The Civil War: A Narrative: Volume 3: Red River to Appomattox
Lee returned to his tent for more paper work, including an 11 o’clock dispatch informing the Secretary of War of what had occurred since Grant’s crossing of the Rapidan the day before—“By the blessing of God,” he wrote of today’s hard fight, “we maintained our position against every effort until night, when the contest closed” — then turned in for another four or five hours of sleep before rising to face what might well be disaster.
He did not mention the possibility of disaster or its cause, either to Seddon in Richmond or to Hill, whose troops were sleeping helter-skelter in the brush, in whatever random positions they had occupied when darkness ended the fighting and they fell asleep on their arms, many of them too weary to eat the scant rations sent up later in the evening. Perhaps, like Little Powell, Lee reasoned that rest would do more for them than would fretting about a situation they could do but little to repair in the few hours of darkness that remained. In any case, he left them and their commander undisturbed until dawn began to filter through the thickets and a popping of rifles, like individual handclaps, warned that another day of battle had begun: May 6. Exposed by daylight to this picket fire, the engineers dropped their picks and shovels, which they had had small chance to use, and scuttled rearward. Within an hour, sharply at 5 o’clock as the sun was rising, this intermittent racket merged and grew in abrupt intensity to a steady clatter, described by one observer as “the noise of a boy running with a stick pressed against a paling fence, faster and faster until it swelled into a continuous rattling roar.” The Federals were attacking in greater strength than yesterday, along and down both sides of the plank road, and after a brief resistance the two Confederate divisions did just what Heth had said they would do. They broke. Though they did not scatter in panic or drop their rifles, still they made for the rear, more or less in a body, some among them firing as they went. “The men seemed to fall back upon a deliberate conviction that it was impossible to hold the ground and, of course, foolish to attempt it,” one among them later wrote by way of explanation, adding rather philosophically: “It was mortifying, but it was only what every veteran has experienced.”

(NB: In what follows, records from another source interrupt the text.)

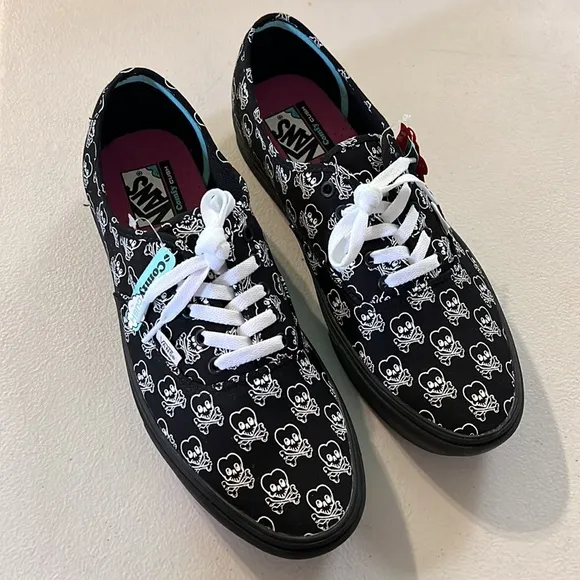 VANS | ComfyCush Authentic Shoes - Black (Cold Hearted)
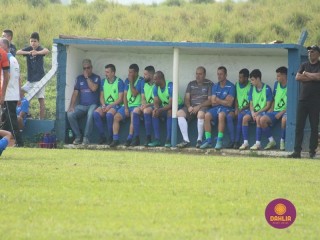 
<a style='margin-left: 5px;' class='btn btn-xs btn-social btn-facebook' href='https://www.facebook.com/sharer/sharer.php?u=https://boladovale.com.br/imgs/800-800-90/conteudo/fotos/1637/img5014.jpg' rel='popup' data-width='500' data-height='400'><i class='fa fa-facebook'></i>Compartilhar <span class='hidden-xs'>no Facebook</span>
</a> 
<a class='btn btn-default btn-xs' target='_blank' href='imgs/800-800-90/conteudo/fotos/1637/img5014.jpg'>
<span class='glyphicon glyphicon-cloud-download'></span> Salvar
</a> 
<span></span>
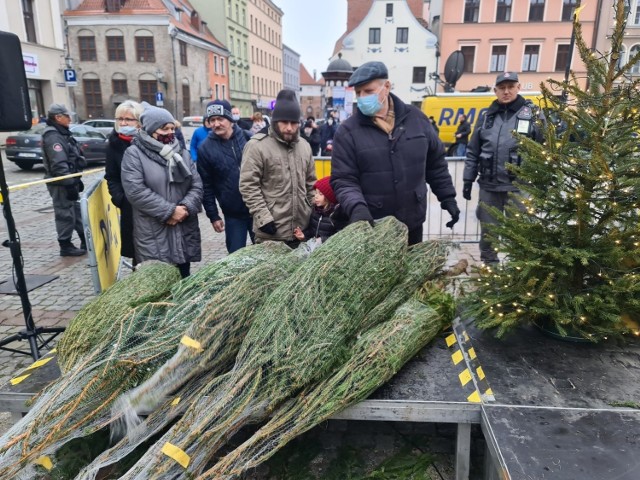 W środę, 15 grudnia, na Rynku Nowomiejskim w Toruniu odbyła się akcja "Choinki pod choinkę", organizowana przez radio RMF FM. Chętni mogli otrzymać świąteczne drzewko zupełnie za darmo. Zobaczcie zdjęcia z Rynku Nowomiejskiego w Toruniu! >>>>>
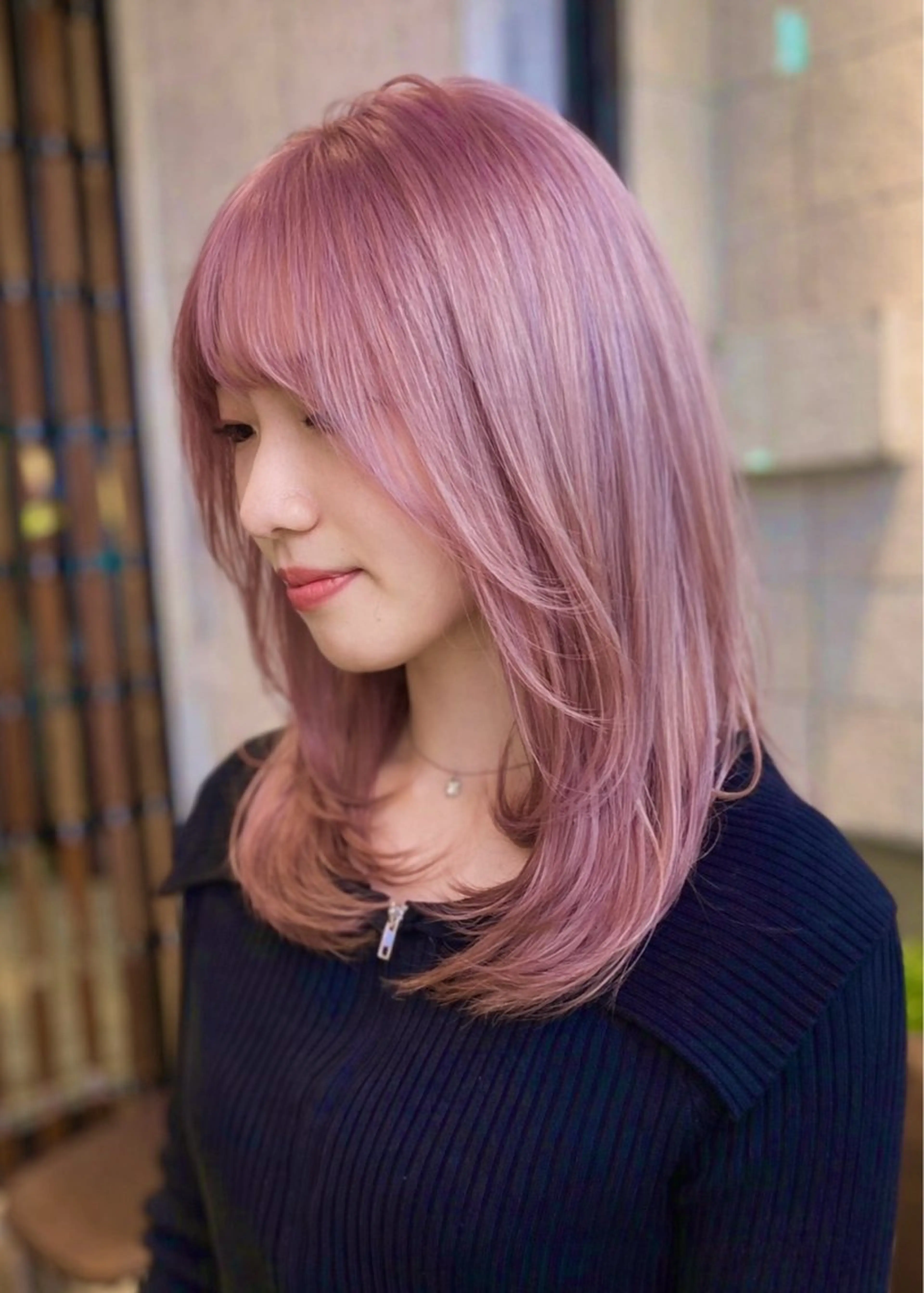 ミディアム ミディアムレイヤー レイヤーカット ヘアカラー Hina/ lolonoisのヘアスタイル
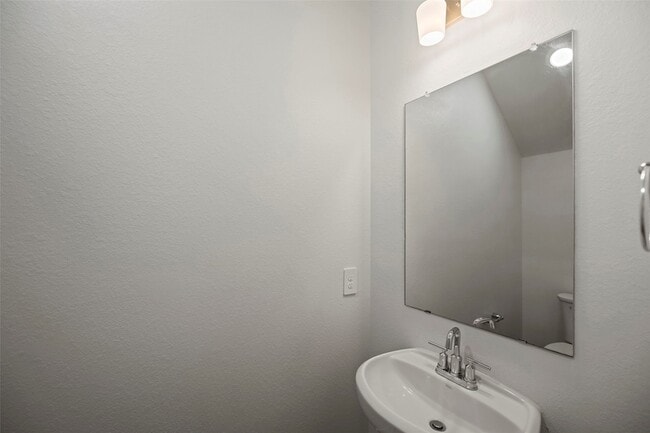 Photo - 10603 Whitejacket
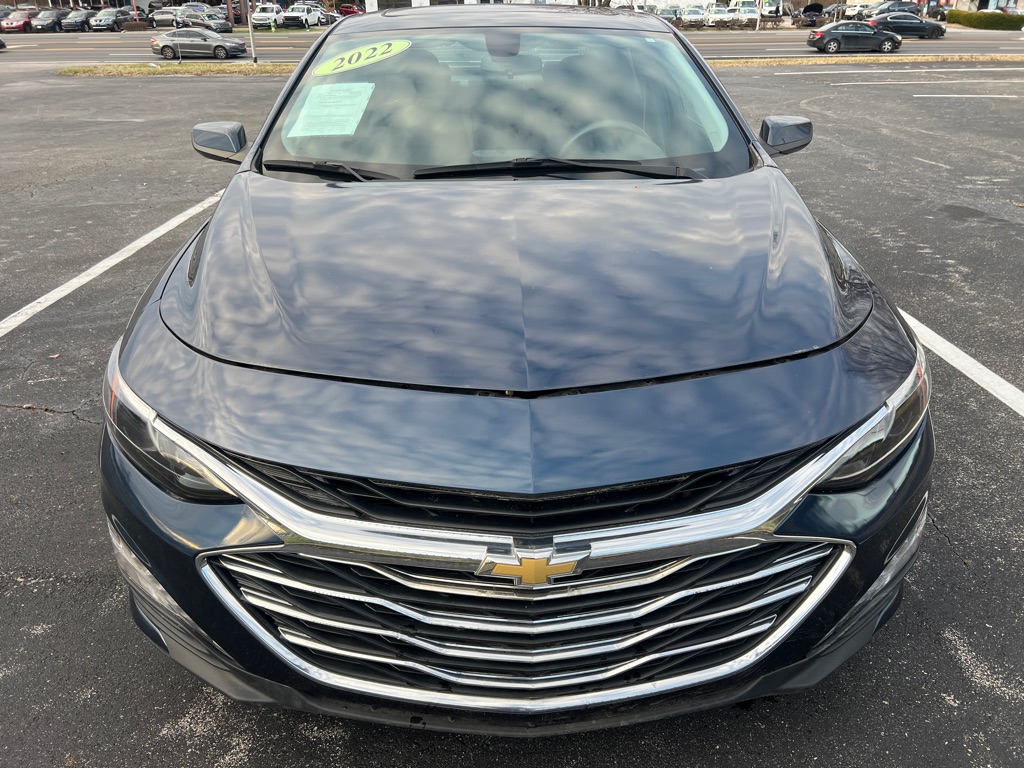 Photo 2 of this CHEVROLET MALIBU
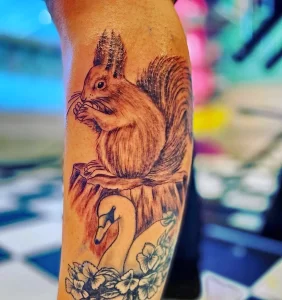 Фото пример рисунка тату белка 18,10,2021 - №0236 - squirrel tattoo - tattoo-photo.ru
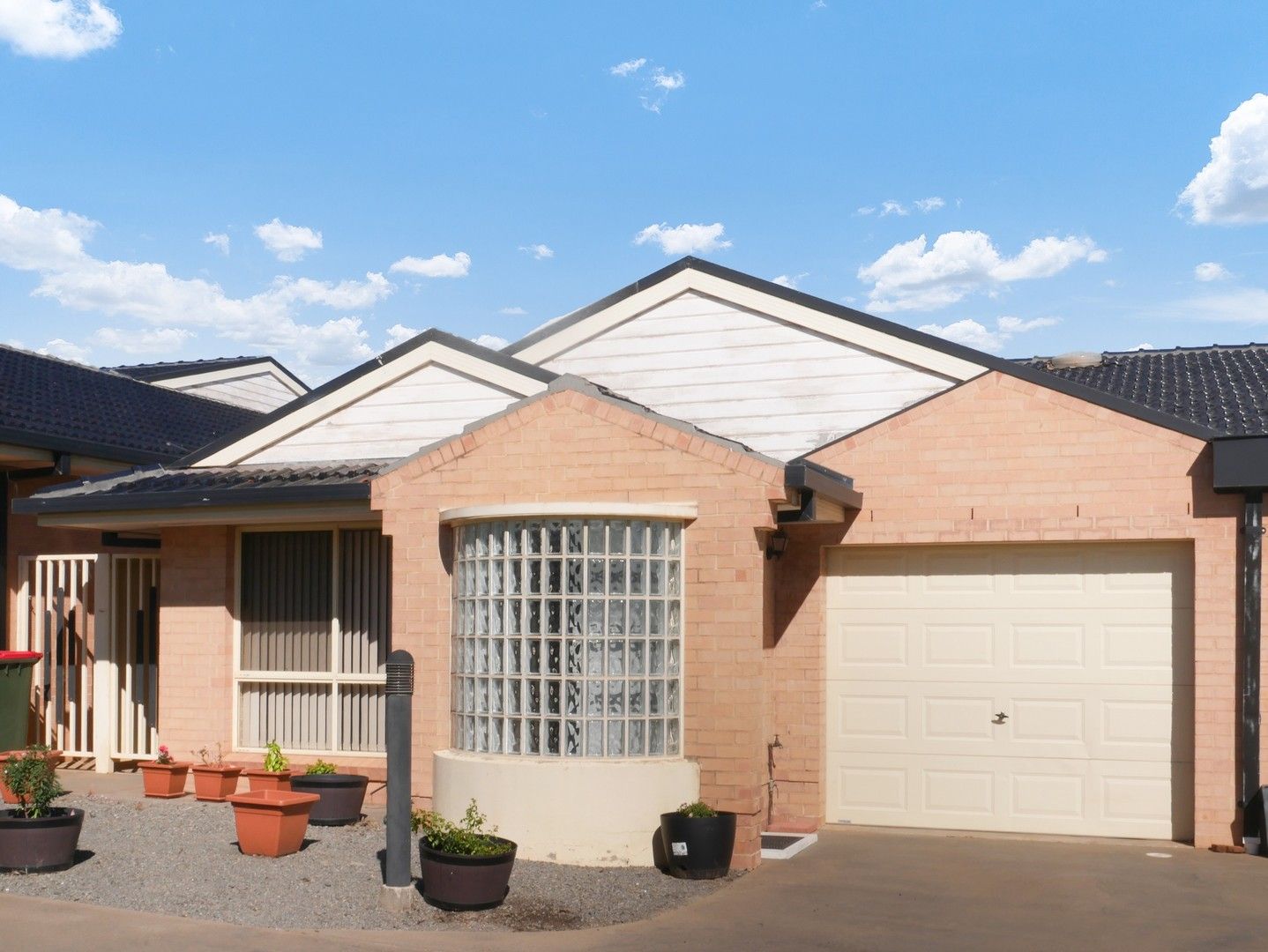 2/185 Palm Avenue, Leeton NSW 2705, Image 0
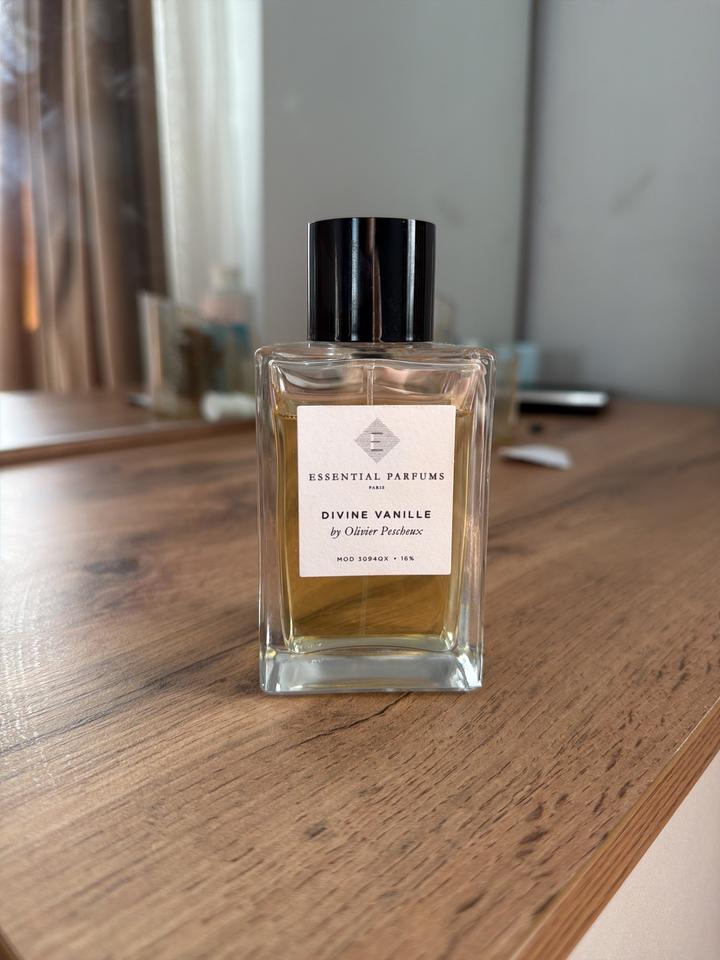 ESSENTIALS Divine Vanille парфюмерная вода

Up on Ewell’s front the dug-in troops held firm under assault, but Sedgwick and Warren were accomplishing all that was asked of them by keeping him from sending reinforcements down to the far end of the line. Such flaw as there was in the execution of Grant’s plan was in the center. Burnside, ordered to penetrate the rebel gap and descend on Hill’s interior flank, had gotten himself and his two divisions lost as soon as he left the road last night and struck out through the brush; he was somewhere rearward now, behind the space between Warren and Hancock, disoriented and wandering in circles while the conflict raged, first to his right, then his left, sometimes front and sometimes rear. Hancock was furious at this dereliction. Shouting to be heard above the din on the plank road, he told one of Meade’s staff officers that if those missing 10,000 men could be added to the pressure being exerted, “we could smash A. P. Hill all to pieces!” In point of fact, he seemed well on the way to doing it anyhow. Except for the troops with Barlow, whose division had been reunited down the Brock Road to guard against a possible flank attack, he had all the men assigned to the main effort massed and in motion, flushing graybacks as they went. Forty years old, “a tall, soldierly man with light brown hair and a military jaw,” he had what the staffer described as “the massive features and the heavy folds round the eye that often mark a man of ability.” Elated by the propitious opening of that portion of the battle in his charge, he made a handsome figure on horseback, and his elation grew as the attack continued. Just ahead was the Tapp clearing, and beyond it the white tops of wagons parked in the Confederate rear. “We are driving them, sir!” Hancock called proudly to the staff man. “Tell General Meade we are driving them most beautifully.”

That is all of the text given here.